На мой взгляд, Довженко выпадает из ряда теоретиков монтажного кино 20-30-х годов, разрабатывавших язык становящегося искусства. Сам язык кино ему то ли неинтересен, то ли неподвластен. Он словно не умеет говорить на этом языке. «Земля» — яркий тому пример. Фильм состоит по сути из фотограмм, планов, настолько самодостаточных, что они не могут быть выстроены в кинематографические фразы, и повествование возникает лишь благодаря титрам. Но именно в силу этой кинематографической афазии, мы остаемся один на один с огромной избыточностью самого изображения, живущего практически независимо от того, какое сообщение оно несет.
Довженковский крупный и долгий план — удивительная вещь. Его невозможно обойти невниманием. Он неминуемо зачаровывает всякого какой-то избыточной изобразительностью. Порой кажется, что весь фильм «Земля» — лишь череда статичных портретов, пейзажей и натюрмортов, сменяющих друг друга. Меня будет интересовать, что такое кадр у Довженко, как возникает его специфическая изобразительная манера.
Первое, на что хотелось бы обратить внимание, — длительность портретирования. Это важный момент для первого приближения к специфике кинематографа Довженко. Длительность кадра такова, что порою кажется будто замедлилось движение.
Создается ощущение эффекта «цайт-лупы», но это ощущение ошибочное, поскольку здесь нет попытки поймать время движения, оно не меняется, но к нему просто не проявлено никакого интереса. То время, которое здесь присутствует, можно скорее назвать «временем неподвижности», когда изменения, происходящие в кадре, практически сведены к минимуму, растворены в чем-то ином, в некой материи, обладающей невообразимой устойчивостью. Конечно, это связано с эффектом крупного, долгого и неподвижного плана, но не только с этим. Довженковский план — лишь одно из необходимых условий, при которых может состояться видение неподвижного, устойчивого мира, в котором любые изменения ничтожны в сравнении с присущими этому миру необъяснимыми фундаментальными законами. В каком-то смысле «Земля» — это попытка с помощью кино выявить в видимом мире нечто, что лежит глубже его видимости, сам мировой закон, для которого все видимое, изображенное есть лишь эпифеномены.

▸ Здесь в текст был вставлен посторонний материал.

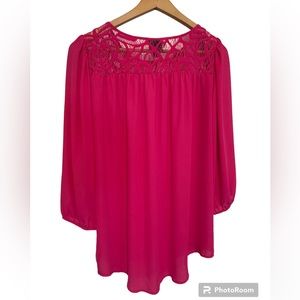 Worthington Medium Blouse Magenta 3/4 Sleeves Hi Low Hem Flowy Lace neckline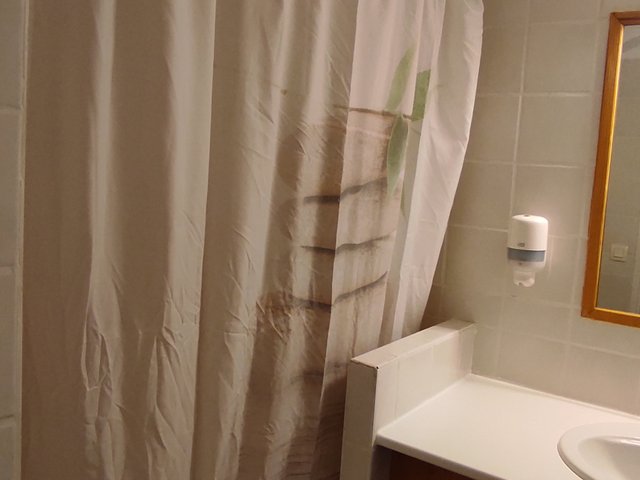 Appartement 2 pièces 4 personnes avec balcon - Super-Besse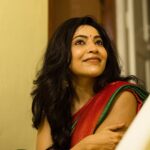 Ramya Subramanian Instagram - Thank God It’s Friday 🫶🏻 Stay Safe Stay Home This Weekend 🏡 🥻- @izhai_thestore 💄- @abhirami_mua 💇🏻‍♀️ @vama_moirangthem 📸- @madras_ponnu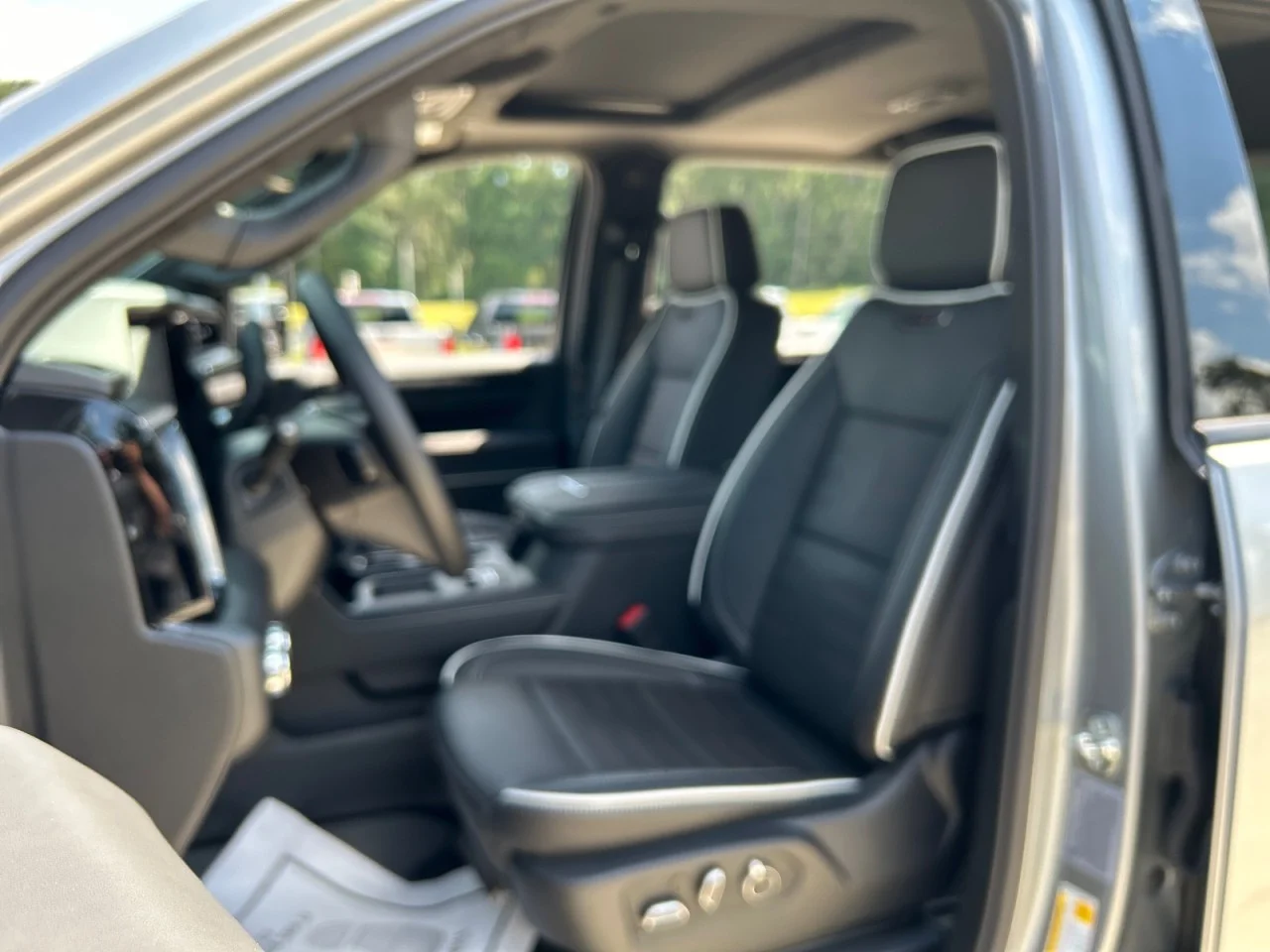 New 2026 Sterling Metallic GMC AT4X image 20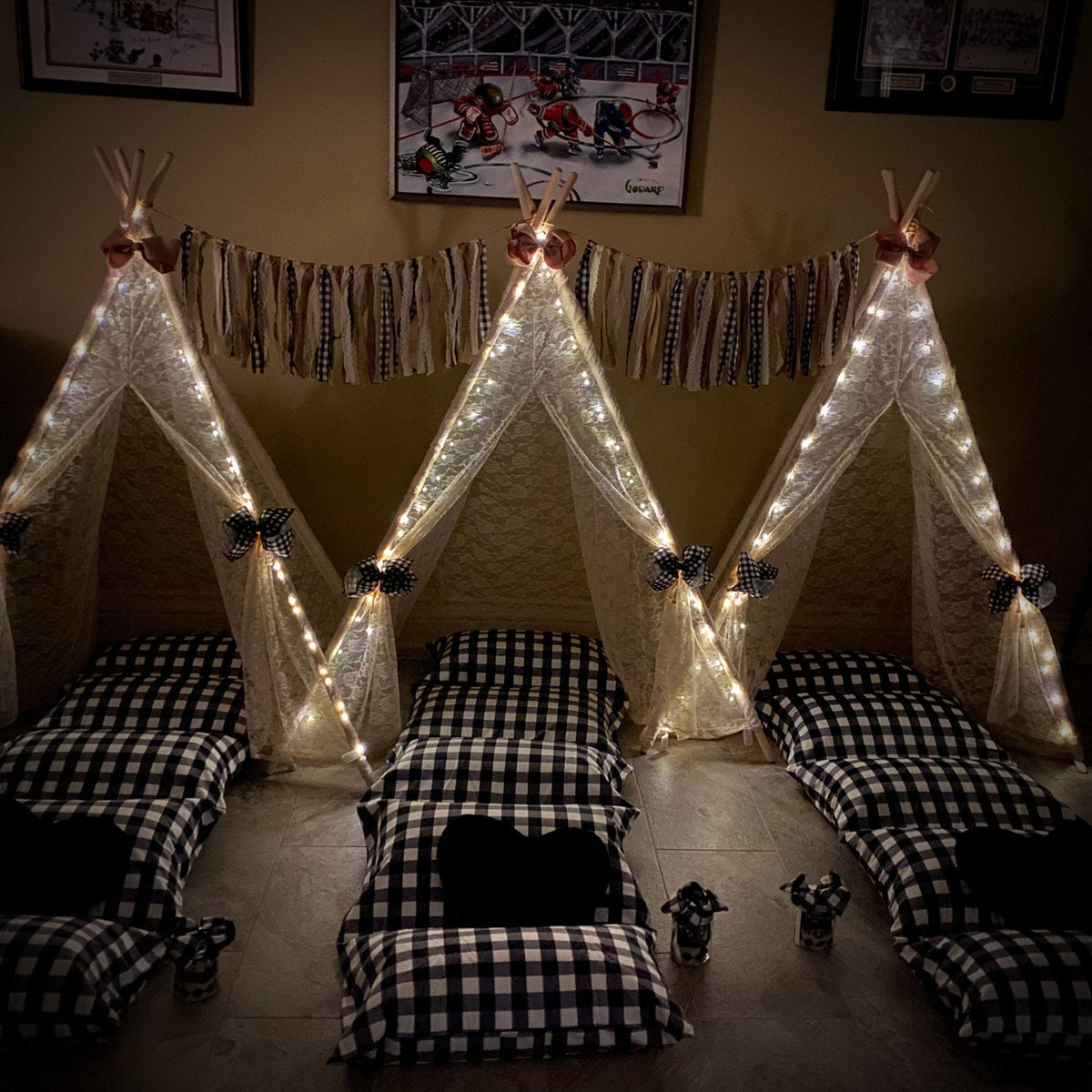 Black And White Plaid Sleepover Tent Bundle, Buffalo Check Christmas Decorations, Party Bundle Gift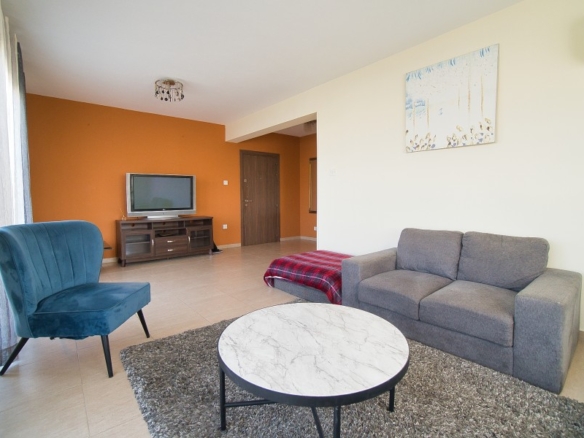 640632 apartment for sale in petrou pavlou full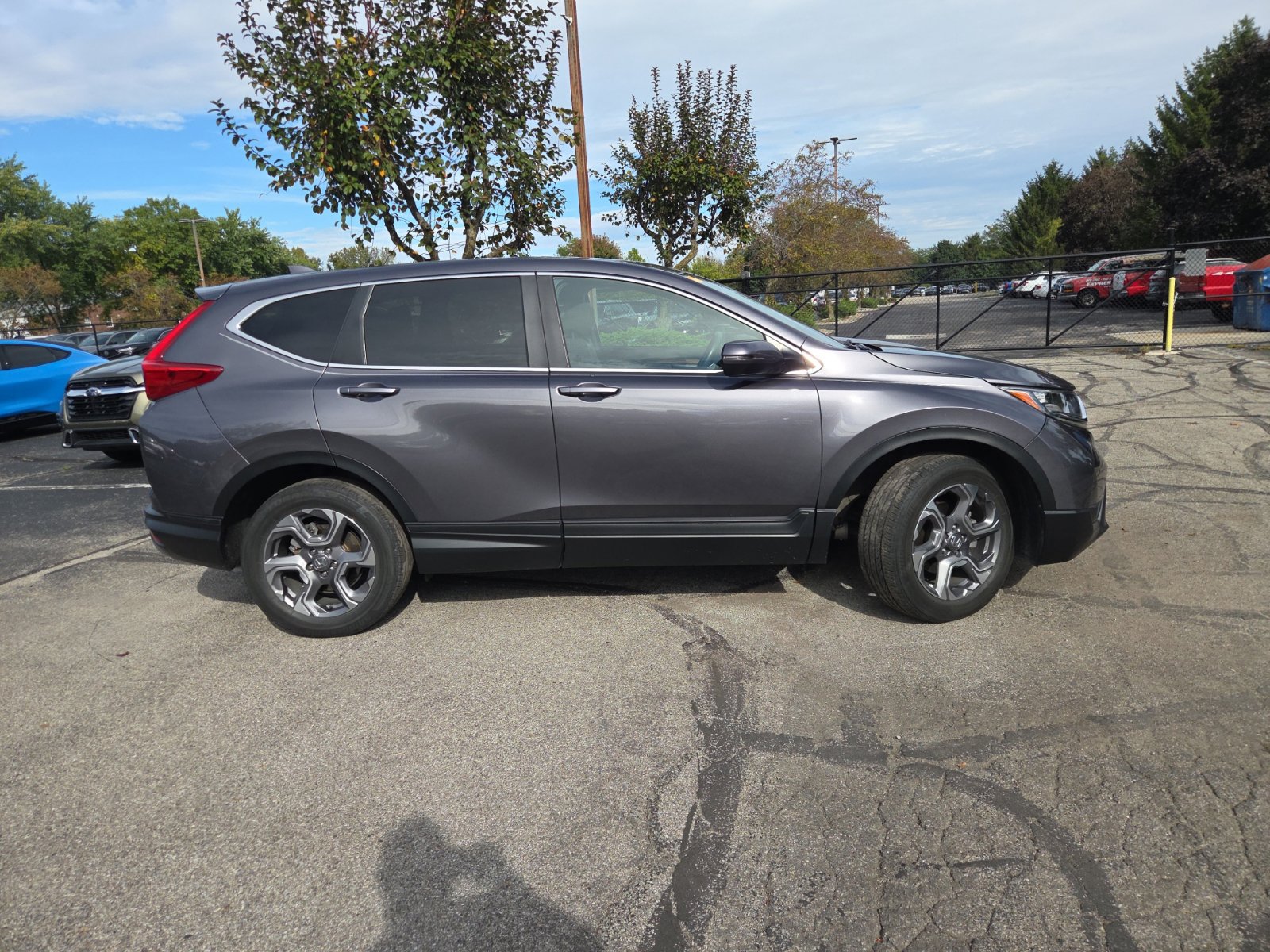 Used 2017 Honda CR-V EX-L image 2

‹…› Еще одно, что обращает на себя внимание, — изображение человеческого лица. Лицо на экране — это всегда проблема, которую режиссеру приходится решать. Разные режиссеры — можно даже сказать разные кинематографические направления — решают ее по-разному. К тому же она косвенно связана с другим очень важным и принципиальным вопросом о роли актера в кино. Здесь достаточно вспомнить несколько примеров, чтобы показать, сколько было разнообразных подходов к крупному плану. Это, например, психологический крупный план у Пудовкина, призванный зафиксировать мельчайшие мимические изменения, своеобразные эмоциональные вибрации. Это и чистый семиозис лица в опытах Кулешова (достаточно вспомнить неподражаемую игру Хохловой), когда глаза, лоб, рот, брови находятся в непрерывном танце мимических жестов, прочитываемых как знаки из азбуки возможных эмоциональных состояний персонажа. Это и постоянное сближение лица и маски в фильмах Эйзенштейна, особенно сильно проявившееся в тяжелых гримах «Ивана Грозного». Казалось бы, Довженко более близок к фотогенической традиции, с ее вниманием к тем моментам естественности, которые обладают удивительной притягательной силой, будучи воспроизведенными в кино. Однако и это не так. Изображение у Довженко имеет не фотогеническую мотивировку, а, скорее, метафизическую. Вопрос об отличии от фотогении, напрямую связан с вопросом о том, что такое в данном контексте метафизика киноизображения. Ведь, немного усиливая философический аспект, можно сказать, что фотогения утверждает мир в его способности быть изображенным, экранизированным, — мир, обучающий себя видеть. В теориях фотогении всегда есть ориентация на человеческий глаз, даже некоторое сочувствие ему, не умеющему улавливать зыбкие, текучие, неустойчивые образы, которые без кино пропадают бесследно, кино же, фиксируя их, подобно наркотику, потакает желаниям глаза. ‹…›
Аронсон О. Киноантропология «Земли» // Киноведческие записки. 1994. № 23.